Troubleshooting apcera-install errors

This section provides troubleshooting tips for deploying the Apcera Platform.

apcera-install tool errors

This section provides apcera-install troubleshooting tips.

If you cannot run the apcera-install tool

We recommend you run the apcera-install tool in the directory where you unzipped the download file.
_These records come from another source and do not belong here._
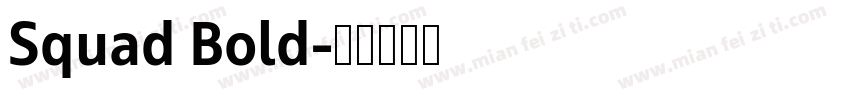 Squad Bold字体转换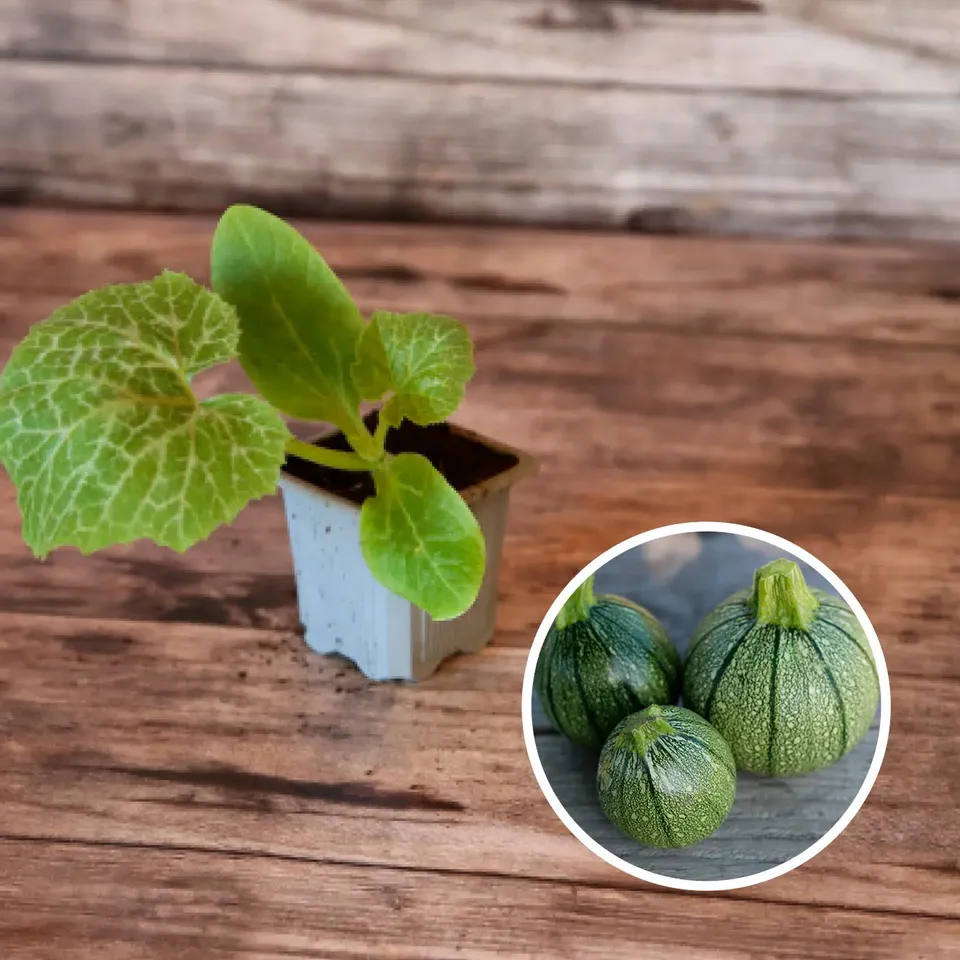 ferme-de-sainte-marthe-courgette-ronde-de-nice-plant-bio image 1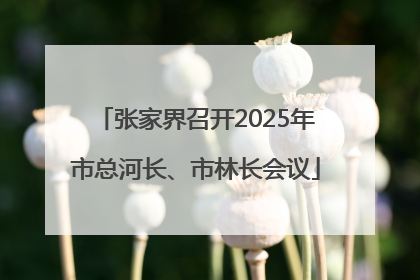 张家界召开2025年市总河长、市林长会议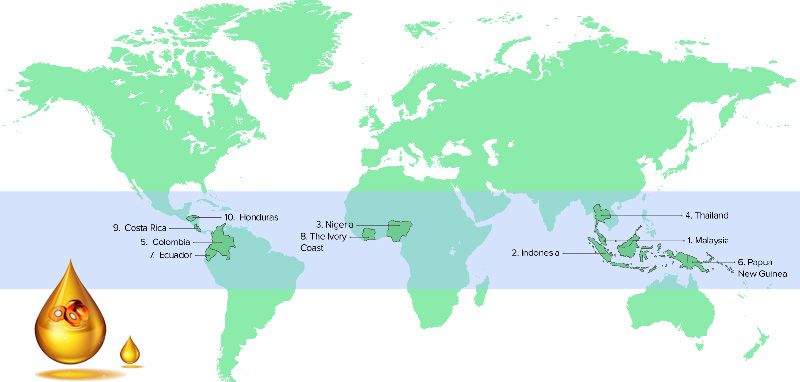 Honduras-Top10 palm oil production country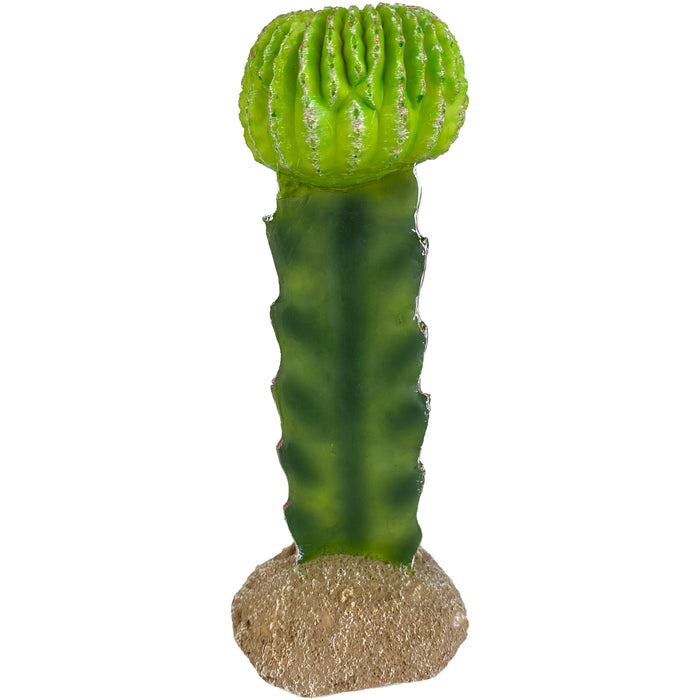 Komodo Cactus Plant Moon 7.5in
Alternatively, the directory where the apcera-install tool is located must be in your $PATH.

On Windows, the current working directory where files are downloaded to by default is automatically in the $PATH.

On Unix-based systems, the current working directory is not in the $PATH by default.
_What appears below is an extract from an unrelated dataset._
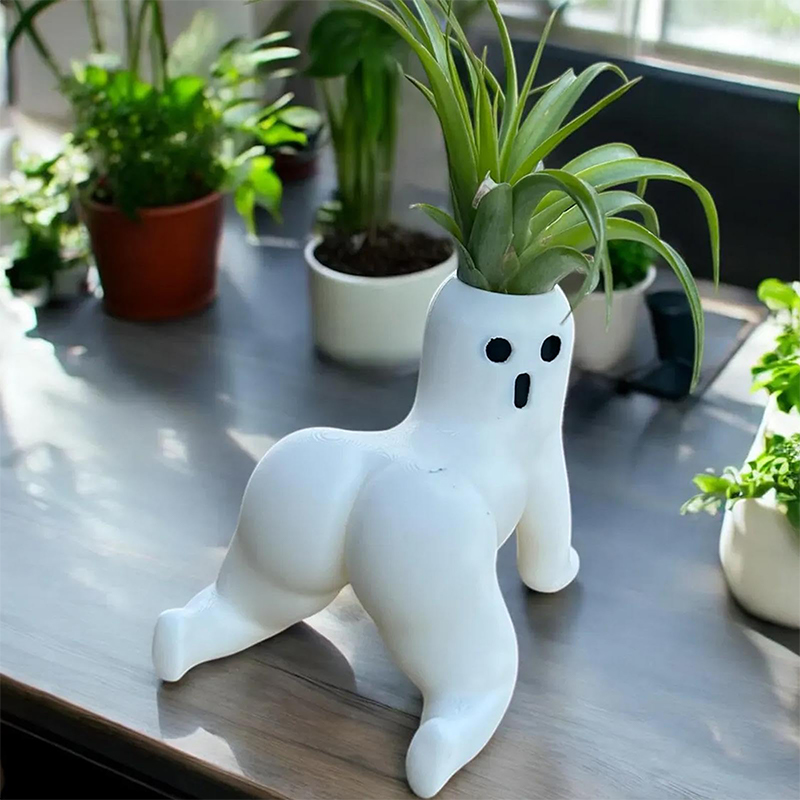 面白い大きな戦利品ゴーストプランター大きな戦利品エアプラント - Echeveria Succulent のレビューと価格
On Mac if the directory where the apcera-install tool is installed is not in your $PATH, you must run $ ./apcera-install <command> to execute the tool.

Note that the instructions assume that the current working directory is in your path.

If the apcera-install tool is not executable

If you receive the error command not found when you run ./apcera-install, make sure that the apcera-install file is executable.

To do this on a Unix host run command chmod u+x apcera-install.

If the apcera-install executable fails to run due to file system permissions (Linux or Mac)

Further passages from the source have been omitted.